* About this task *
Copy out every line from the records that includes "Vase".

* Stored items *

- - -

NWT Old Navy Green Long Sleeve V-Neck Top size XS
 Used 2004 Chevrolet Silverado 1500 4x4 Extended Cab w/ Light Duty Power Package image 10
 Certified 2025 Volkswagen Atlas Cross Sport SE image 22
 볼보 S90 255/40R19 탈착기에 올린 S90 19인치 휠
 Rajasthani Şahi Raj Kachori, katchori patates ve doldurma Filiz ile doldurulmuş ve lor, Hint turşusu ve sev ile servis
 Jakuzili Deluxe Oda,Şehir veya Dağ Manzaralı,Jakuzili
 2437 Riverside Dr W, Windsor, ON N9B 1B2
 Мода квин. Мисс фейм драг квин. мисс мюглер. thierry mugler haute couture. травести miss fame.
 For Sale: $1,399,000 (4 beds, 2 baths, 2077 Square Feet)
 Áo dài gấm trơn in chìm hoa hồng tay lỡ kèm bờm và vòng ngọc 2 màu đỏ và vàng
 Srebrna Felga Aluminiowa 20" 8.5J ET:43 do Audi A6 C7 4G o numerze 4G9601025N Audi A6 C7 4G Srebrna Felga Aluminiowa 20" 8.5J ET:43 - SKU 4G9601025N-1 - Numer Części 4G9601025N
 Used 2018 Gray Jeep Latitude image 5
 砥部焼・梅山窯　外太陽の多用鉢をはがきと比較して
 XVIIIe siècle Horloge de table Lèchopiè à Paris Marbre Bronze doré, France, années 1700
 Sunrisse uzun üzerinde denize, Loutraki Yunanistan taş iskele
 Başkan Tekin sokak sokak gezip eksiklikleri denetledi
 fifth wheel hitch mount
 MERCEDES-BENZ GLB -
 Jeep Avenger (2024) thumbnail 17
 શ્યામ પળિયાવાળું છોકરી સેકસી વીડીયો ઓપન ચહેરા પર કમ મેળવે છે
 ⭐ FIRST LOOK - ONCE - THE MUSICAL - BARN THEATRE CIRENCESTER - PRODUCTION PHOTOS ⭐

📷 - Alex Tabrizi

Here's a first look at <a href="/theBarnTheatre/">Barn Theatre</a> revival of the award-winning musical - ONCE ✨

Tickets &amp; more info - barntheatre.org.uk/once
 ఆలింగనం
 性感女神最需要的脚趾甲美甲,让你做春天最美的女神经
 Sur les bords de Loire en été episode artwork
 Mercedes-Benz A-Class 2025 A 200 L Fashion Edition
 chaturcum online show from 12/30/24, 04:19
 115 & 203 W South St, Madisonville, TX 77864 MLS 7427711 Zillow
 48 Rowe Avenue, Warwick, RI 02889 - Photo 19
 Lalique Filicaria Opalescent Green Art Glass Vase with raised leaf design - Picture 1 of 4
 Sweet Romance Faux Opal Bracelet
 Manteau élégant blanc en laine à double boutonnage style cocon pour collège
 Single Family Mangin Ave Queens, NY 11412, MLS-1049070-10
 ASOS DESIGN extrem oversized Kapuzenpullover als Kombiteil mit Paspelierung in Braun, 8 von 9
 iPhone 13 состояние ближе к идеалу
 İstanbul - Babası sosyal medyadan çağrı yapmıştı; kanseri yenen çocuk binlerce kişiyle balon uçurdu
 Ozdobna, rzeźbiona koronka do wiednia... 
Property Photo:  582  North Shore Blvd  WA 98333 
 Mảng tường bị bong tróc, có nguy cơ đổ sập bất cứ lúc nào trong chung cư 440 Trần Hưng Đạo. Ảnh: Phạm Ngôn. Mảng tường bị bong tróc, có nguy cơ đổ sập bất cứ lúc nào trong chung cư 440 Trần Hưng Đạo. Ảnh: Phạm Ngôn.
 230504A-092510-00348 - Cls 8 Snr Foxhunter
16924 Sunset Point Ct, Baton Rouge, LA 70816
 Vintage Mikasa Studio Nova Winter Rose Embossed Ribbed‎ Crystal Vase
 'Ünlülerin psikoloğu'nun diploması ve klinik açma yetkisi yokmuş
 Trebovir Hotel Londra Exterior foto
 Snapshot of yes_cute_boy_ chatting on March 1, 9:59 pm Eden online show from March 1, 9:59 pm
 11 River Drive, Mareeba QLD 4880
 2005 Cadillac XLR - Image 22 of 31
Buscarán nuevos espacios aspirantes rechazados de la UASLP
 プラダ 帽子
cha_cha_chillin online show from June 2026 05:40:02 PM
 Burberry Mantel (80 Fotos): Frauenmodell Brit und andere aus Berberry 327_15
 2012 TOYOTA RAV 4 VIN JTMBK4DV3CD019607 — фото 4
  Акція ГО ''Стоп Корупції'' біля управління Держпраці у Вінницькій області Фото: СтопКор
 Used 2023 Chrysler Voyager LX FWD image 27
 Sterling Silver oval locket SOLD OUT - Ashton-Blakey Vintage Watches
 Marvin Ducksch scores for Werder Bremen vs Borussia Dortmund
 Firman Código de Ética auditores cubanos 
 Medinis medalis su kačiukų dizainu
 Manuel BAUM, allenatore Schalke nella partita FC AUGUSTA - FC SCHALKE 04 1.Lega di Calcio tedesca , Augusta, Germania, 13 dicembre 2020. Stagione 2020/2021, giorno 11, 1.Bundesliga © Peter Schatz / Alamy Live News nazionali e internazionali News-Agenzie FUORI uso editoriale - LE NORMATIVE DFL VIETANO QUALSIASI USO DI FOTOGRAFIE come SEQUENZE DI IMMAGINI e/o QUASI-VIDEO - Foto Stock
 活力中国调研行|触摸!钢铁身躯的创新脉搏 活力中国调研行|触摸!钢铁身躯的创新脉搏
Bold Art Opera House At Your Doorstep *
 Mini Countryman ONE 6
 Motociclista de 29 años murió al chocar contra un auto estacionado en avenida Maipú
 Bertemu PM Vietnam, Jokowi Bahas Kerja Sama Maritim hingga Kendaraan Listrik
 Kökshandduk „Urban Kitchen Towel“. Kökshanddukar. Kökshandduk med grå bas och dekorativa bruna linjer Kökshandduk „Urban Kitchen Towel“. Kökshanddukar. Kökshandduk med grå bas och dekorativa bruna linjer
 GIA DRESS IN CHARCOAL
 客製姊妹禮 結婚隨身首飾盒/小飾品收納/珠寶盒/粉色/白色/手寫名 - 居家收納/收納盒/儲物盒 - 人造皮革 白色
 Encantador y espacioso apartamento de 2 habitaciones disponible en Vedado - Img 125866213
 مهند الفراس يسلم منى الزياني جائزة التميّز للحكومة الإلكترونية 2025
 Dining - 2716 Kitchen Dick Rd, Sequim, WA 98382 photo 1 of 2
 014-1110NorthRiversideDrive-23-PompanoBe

- - -

* The answer *
 Lalique Filicaria Opalescent Green Art Glass Vase with raised leaf design - Picture 1 of 4
 Vintage Mikasa Studio Nova Winter Rose Embossed Ribbed‎ Crystal Vase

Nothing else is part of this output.